Baked Cauliflower Tacos

I take a spin on buffalo cauliflower nuggets by baking with an enchilada-inspired sauce and topping with an avocado cashew cream.


Ingredients:

1 cauliflower, chopped into bite-size florets


Enchilada Sauce:

1 c. tomato sauce

3 tbsp. water

1 tbsp. chili powder

2 tsp. garlic powder

1 tsp. cumin

1 tsp. salt

pinch of cayenne, optional

1/3 c. vegan flour

Avocado Cream: (double recipe to save some for spreading on toast/sandwiches!)

1 avocado

1/4 c. nut milk of your choice

1/4 c. raw cashews

2 tbsp. lemon juice

1.5 tbsp. water

1/2 tbsp. olive oil

1/4 c. cilantro

1 clove garlic

pinch of pepper

1/2 a jalapeño, optional

Directions:

Preheat oven to 450.

Mix tomato sauce, water, and spices in a medium bowl, then slowly add the flour until blended.

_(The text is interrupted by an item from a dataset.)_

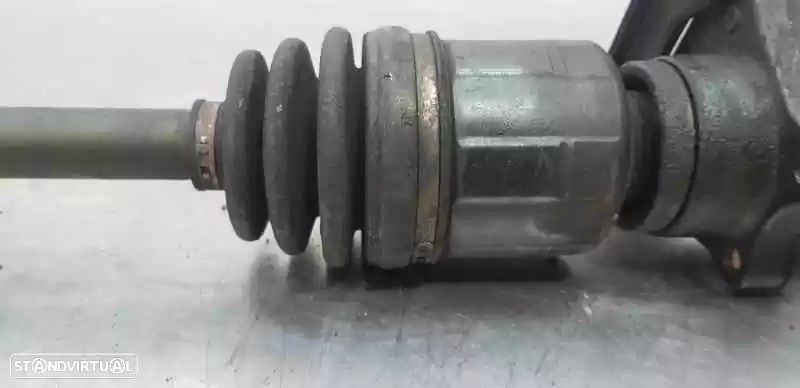 TRANSMISSÃO CENTRAL KIA SORENTO I 2004 -532103E700 - 4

Coat the cauliflower florets with sauce (if it's not quite enough for your amount of cauliflower, add a bit more tomato sauce). Lay them evenly in a lightly greased pan, and bake for 16-20 minutes. Let them cool while you make the avocado sauce.

Who needs sour cream when avocado exists?! For avocado cashew cream, blend everything until smooth and creamy!